Fit with custom normal prior:
+ Transition model: Change-point. Hyper-Parameter(s): ['tChange']
+ Detected 1 change-point(s) in transition model: ['tChange']
+ Set hyper-prior(s): ['sqrt(2)*exp(-(x - 1920)**2/50)/(10*sqrt(pi))']
+ Started new fit.
    + 109 analyses to run.

    + Computed average posterior sequence
    + Computed hyper-parameter distribution
    + Log10-evidence of average model: -80.50692
    + Computed local evidence of average model
    + Computed mean parameter values.
+ Finished fit.

Since we used a quite narrow prior (containing a lot of information) in the second case, the resulting distribution is strongly shifted towards the prior. The following example revisits the two break-point-model from here and a linear decrease with a varying slope as a hyper-parameter. Here, we define a Gaussian prior for the slope hyper-parameter, which is centered around the value -0.2 with a standard deviation of 0.4, via a lambda-function. For simplification, we set the break-points to fixed years.


In [6]:
S = bl.HyperStudy()
S.loadExampleData()

L = bl.om.Poisson('accident_rate', bl.oint(0, 6, 1000))
T = bl.tm.SerialTransitionModel(bl.tm.Static(),
                                bl.tm.BreakPoint('t_1', 1880),
                                bl.tm.Deterministic(lambda t, slope=np.linspace(-2.0, 0.0, 30): t*slope, 
                                                    target='accident_rate',
                                                    prior=lambda slope: np.exp(-0.5*((slope + 0.2)/(2*0.4))**2)/0.4),
                                bl.tm.BreakPoint('t_2', 1900),
                                bl.tm.Static()
                                )

S.set(L, T)
S.fit()


+ Created new study.
  --> Hyper-study
+ Successfully imported example data.
+ Observation model: Poisson. Parameter(s): ['accident_rate']
+ Transition model: Serial transition model.

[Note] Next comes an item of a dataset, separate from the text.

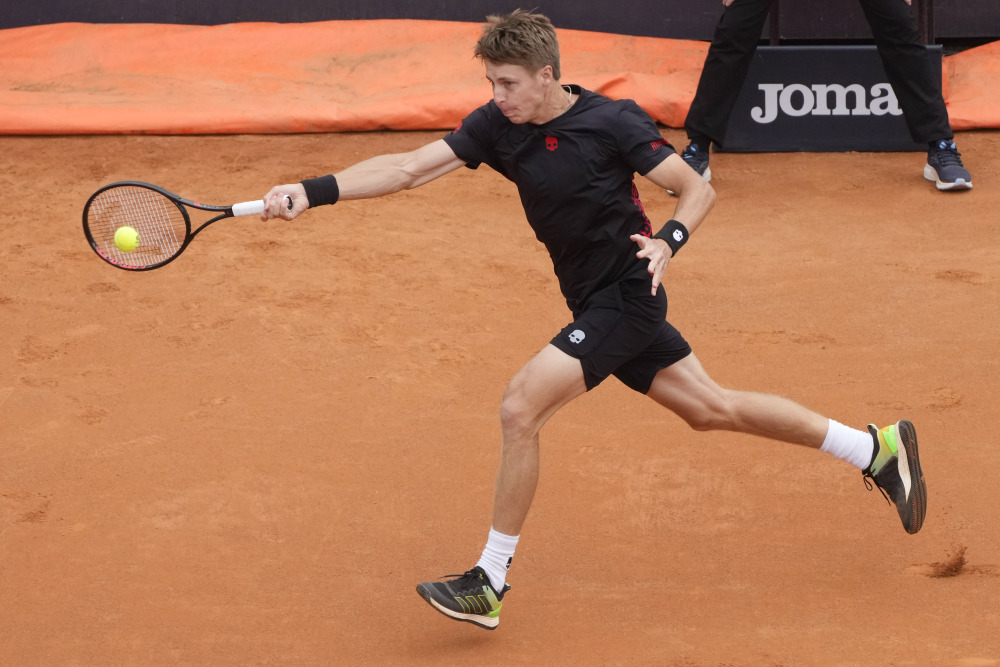 关于英国网球队强势德国网球队，瓦林卡关键制胜的信息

Hyper-Parameter(s): ['slope', 't_1', 't_2']
+ Set hyper-prior(s): ['<lambda> (re-normalized)', 'uniform', 'uniform']
+ Started new fit.
    + 30 analyses to run.

    + Computed average posterior sequence
    + Computed hyper-parameter distribution
    + Log10-evidence of average model: -74.84129
    + Computed local evidence of average model
    + Computed mean parameter values.
+ Finished fit.

Finally, note that you can mix SymPy- and function-based hyper-priors for nested transition models.